* The problem *
Reproduce from the records below, with no pictures, exactly the lines between the one containing "66 x 44″, Premium" and the one containing "Ivory 復古優雅平領不貼直身條紋連身裙, Dress/ DS9262", inclusive.

* Given records *
•••••
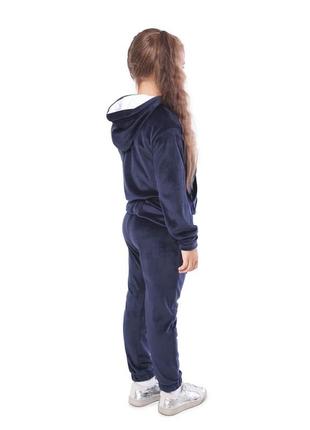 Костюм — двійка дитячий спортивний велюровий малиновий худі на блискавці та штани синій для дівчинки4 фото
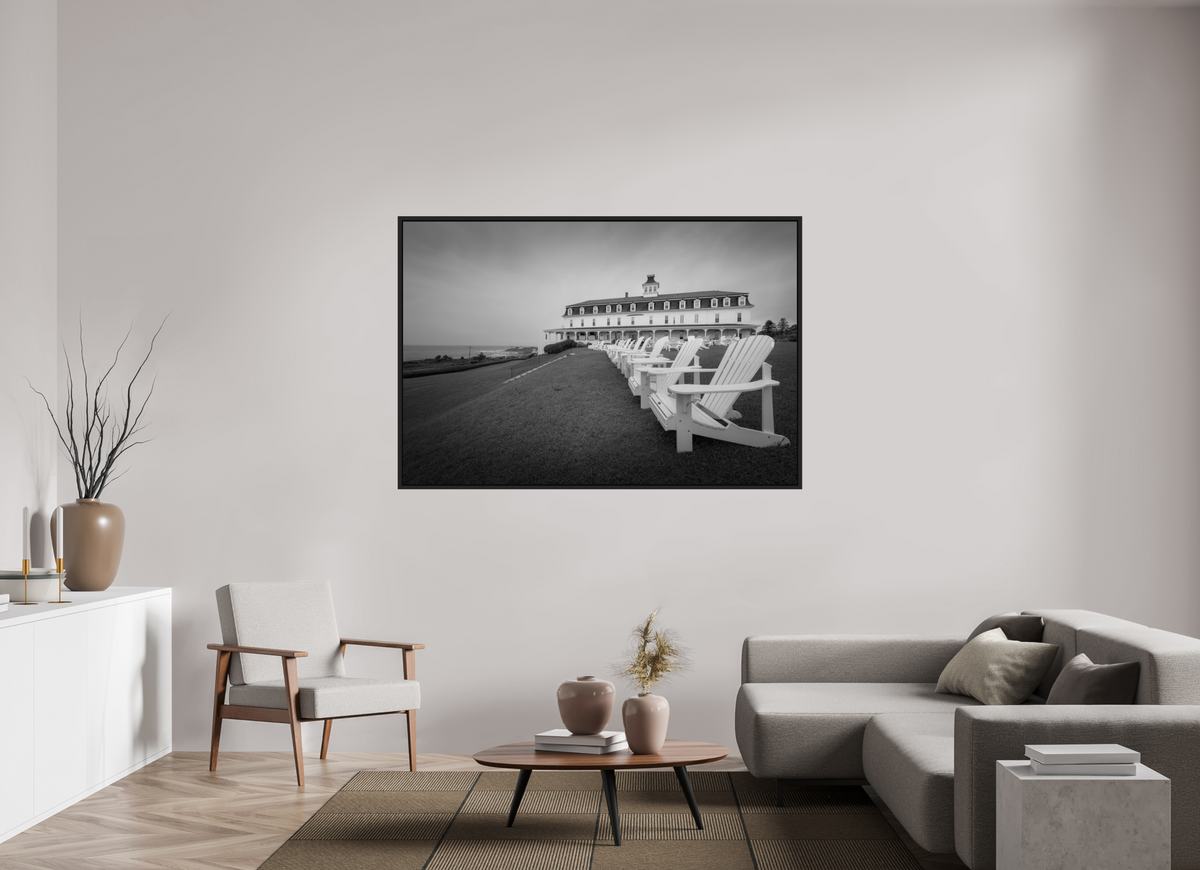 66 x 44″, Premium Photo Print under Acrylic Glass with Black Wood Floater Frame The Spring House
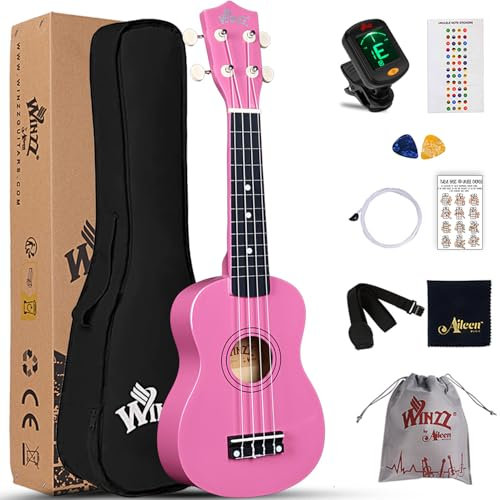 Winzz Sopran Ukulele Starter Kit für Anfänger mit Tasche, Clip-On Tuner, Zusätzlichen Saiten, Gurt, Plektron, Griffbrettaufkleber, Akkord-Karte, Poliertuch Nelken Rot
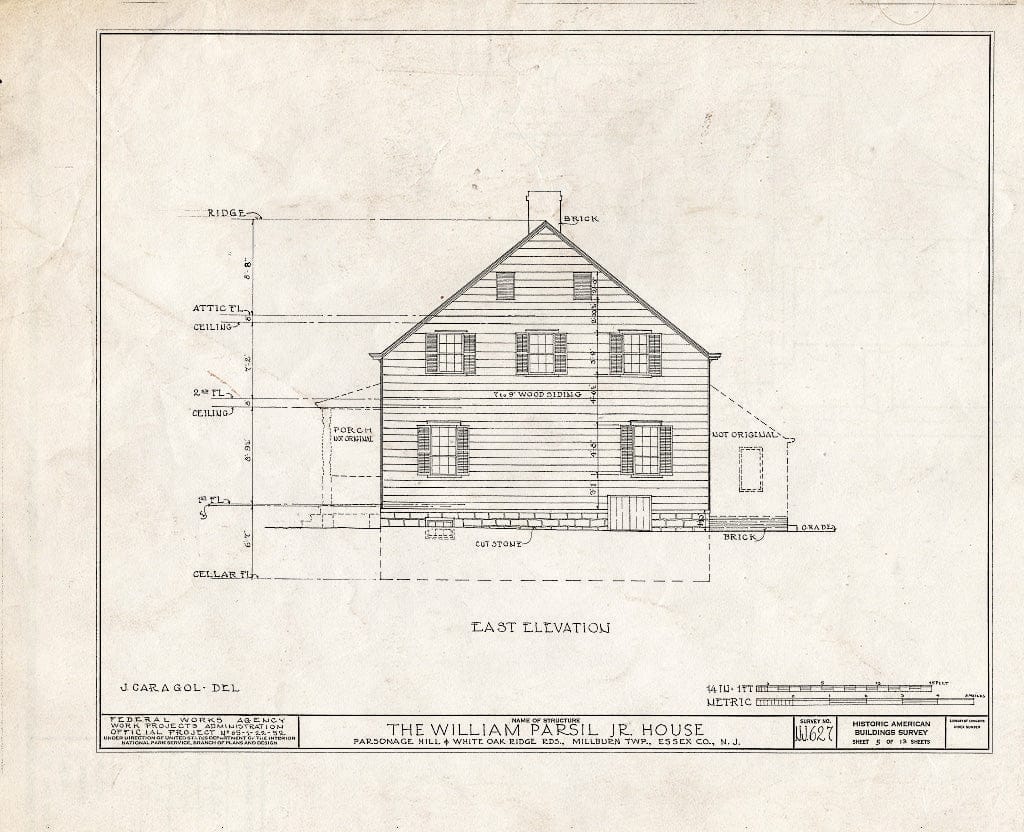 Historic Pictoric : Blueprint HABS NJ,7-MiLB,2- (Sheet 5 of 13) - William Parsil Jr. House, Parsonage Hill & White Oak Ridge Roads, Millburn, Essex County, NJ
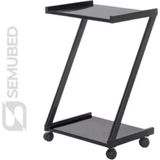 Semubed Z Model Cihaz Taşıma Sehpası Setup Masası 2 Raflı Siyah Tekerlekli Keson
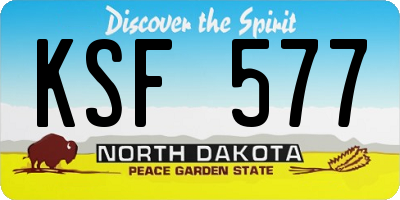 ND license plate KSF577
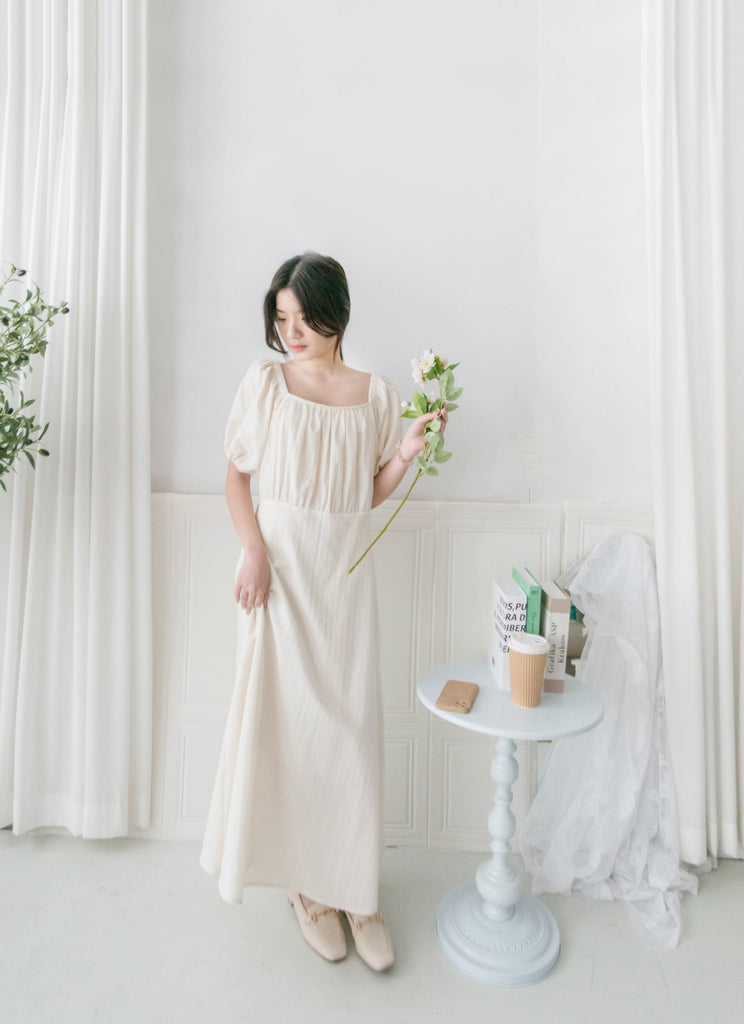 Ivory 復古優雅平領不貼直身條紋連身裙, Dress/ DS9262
•••••
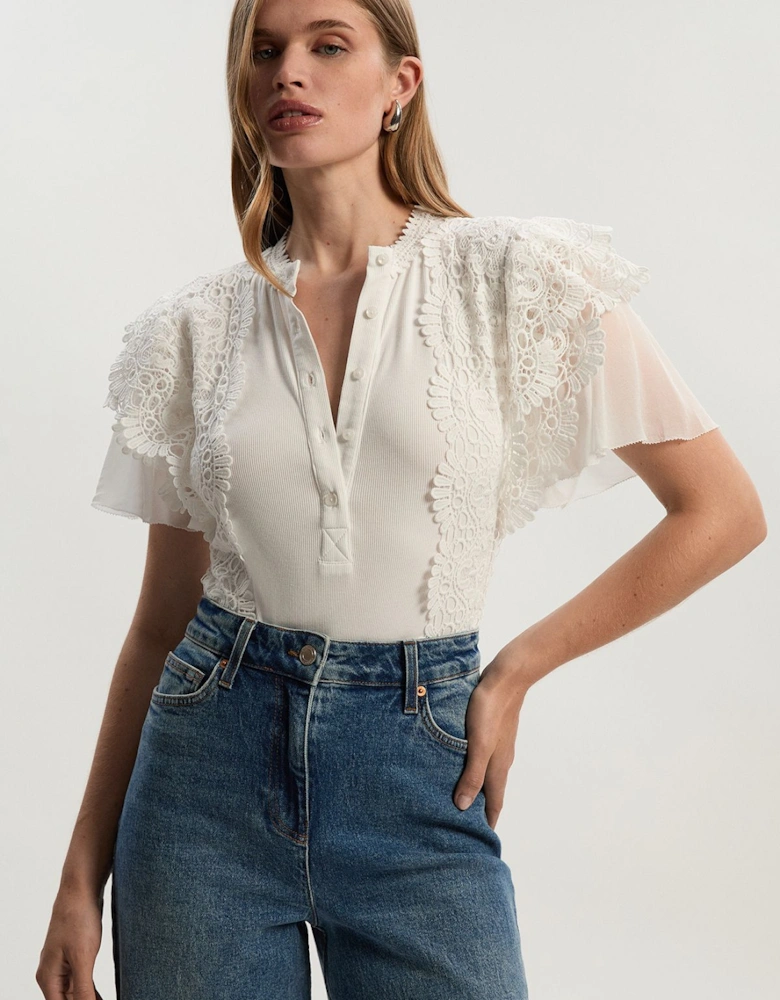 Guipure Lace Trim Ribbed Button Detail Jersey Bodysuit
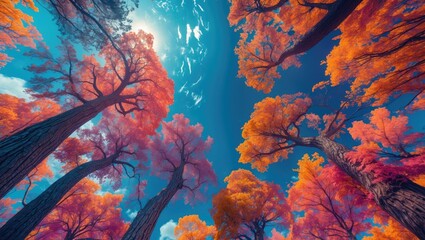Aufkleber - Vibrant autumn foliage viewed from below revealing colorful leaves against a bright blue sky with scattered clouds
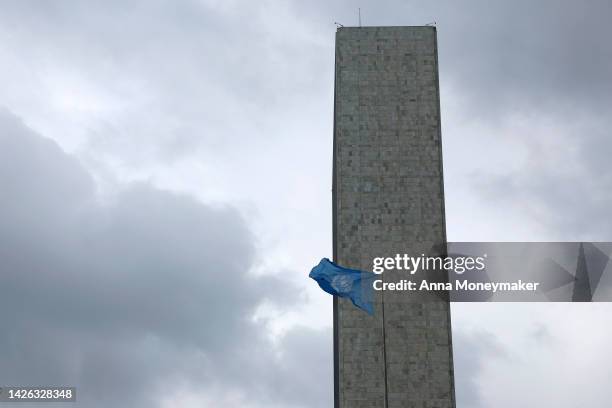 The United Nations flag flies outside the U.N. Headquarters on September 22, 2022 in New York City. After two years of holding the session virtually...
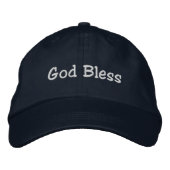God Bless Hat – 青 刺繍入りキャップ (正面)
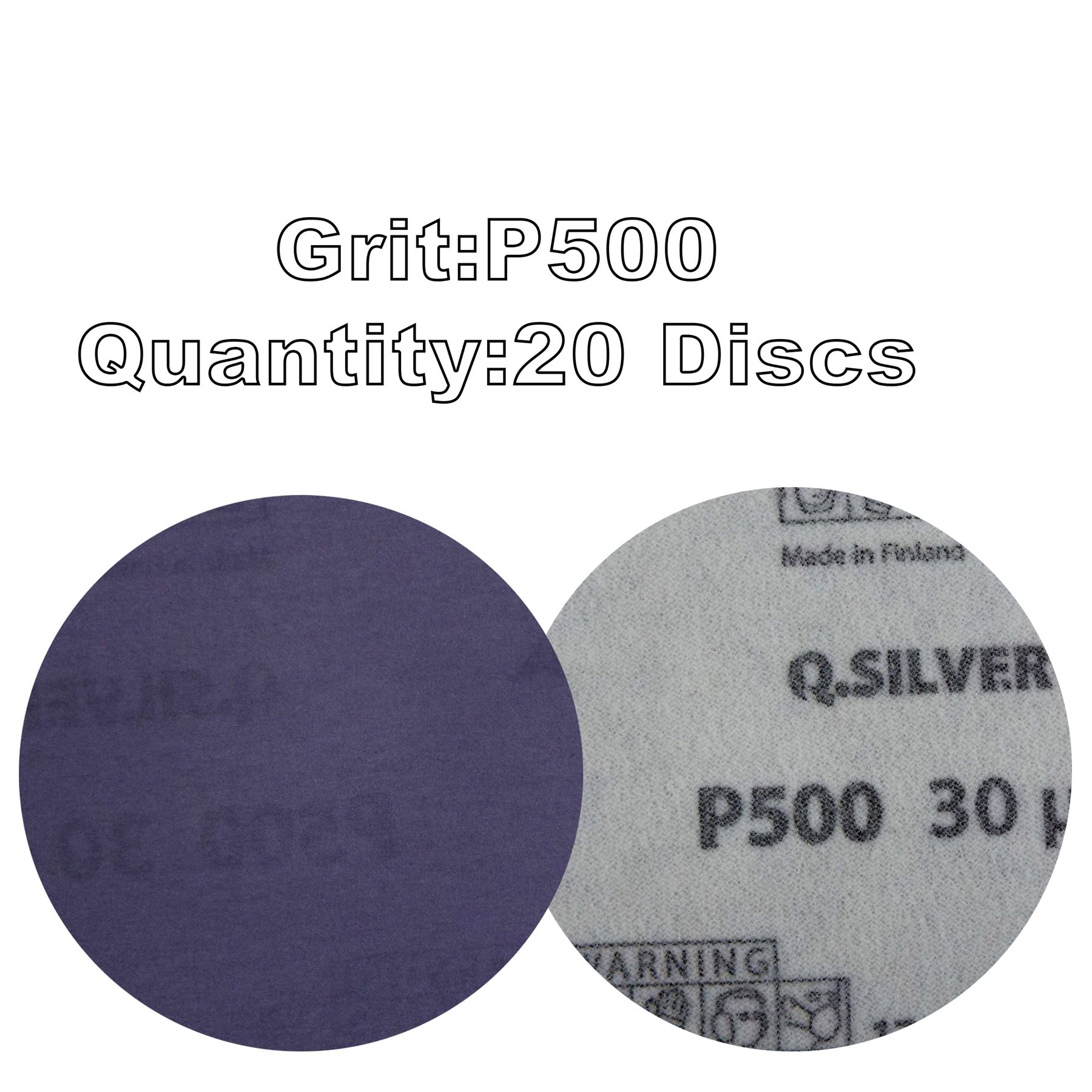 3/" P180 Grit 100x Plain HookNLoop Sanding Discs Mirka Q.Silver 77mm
•••••
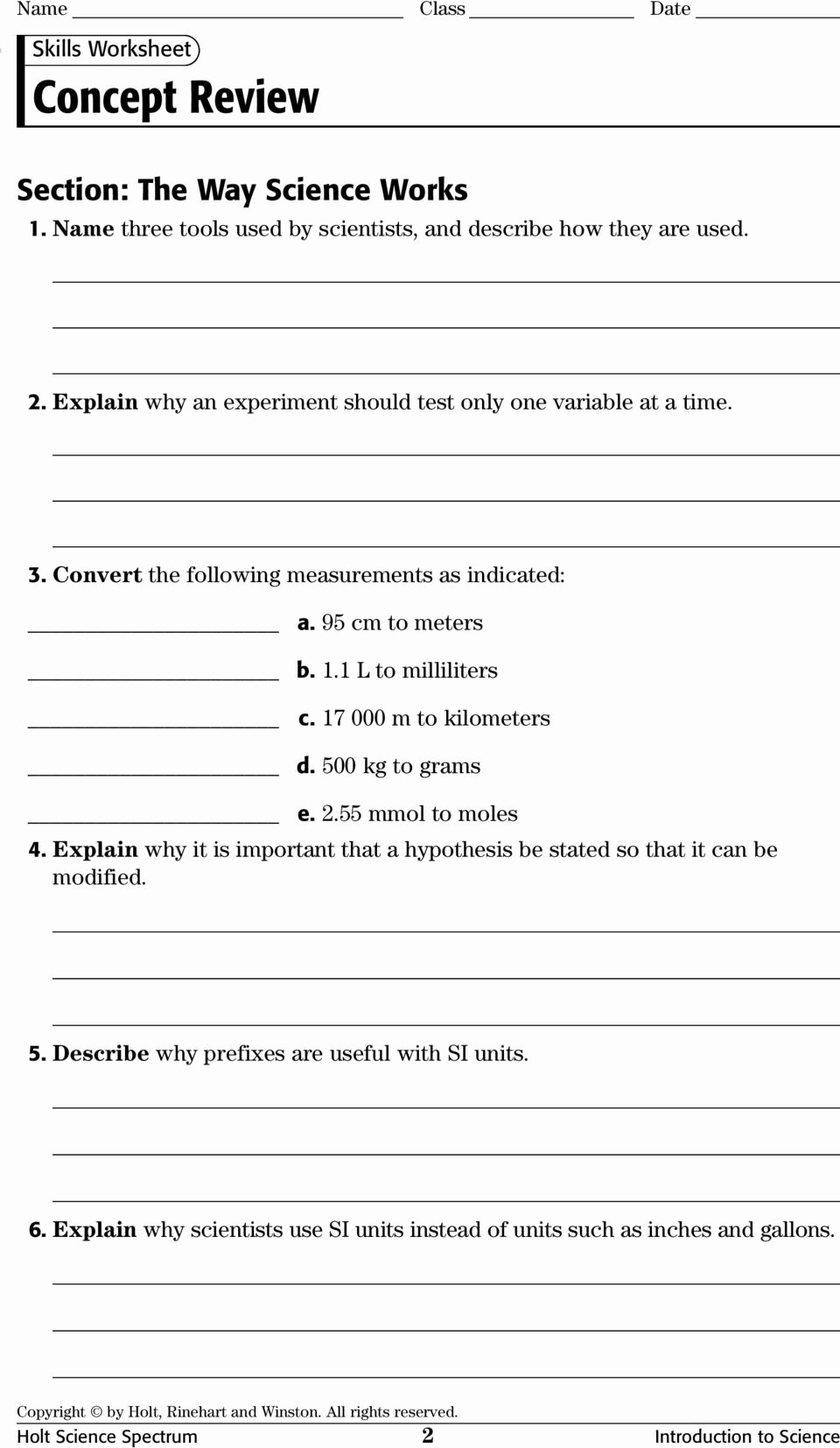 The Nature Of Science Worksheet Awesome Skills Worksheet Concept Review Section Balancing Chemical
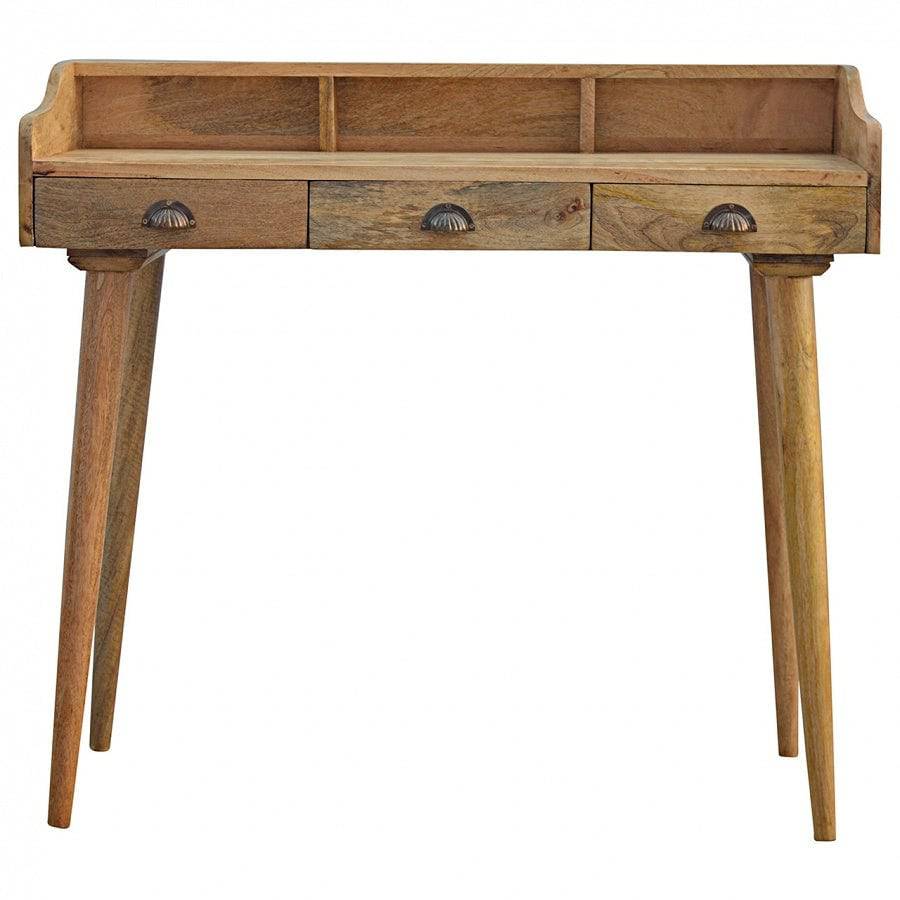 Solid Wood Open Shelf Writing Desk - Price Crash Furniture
•••••
* Output for this task *
 66 x 44″, Premium Photo Print under Acrylic Glass with Black Wood Floater Frame The Spring House
 Winzz Sopran Ukulele Starter Kit für Anfänger mit Tasche, Clip-On Tuner, Zusätzlichen Saiten, Gurt, Plektron, Griffbrettaufkleber, Akkord-Karte, Poliertuch Nelken Rot
 Historic Pictoric : Blueprint HABS NJ,7-MiLB,2- (Sheet 5 of 13) - William Parsil Jr. House, Parsonage Hill & White Oak Ridge Roads, Millburn, Essex County, NJ
 Semubed Z Model Cihaz Taşıma Sehpası Setup Masası 2 Raflı Siyah Tekerlekli Keson
 ND license plate KSF577
 Ivory 復古優雅平領不貼直身條紋連身裙, Dress/ DS9262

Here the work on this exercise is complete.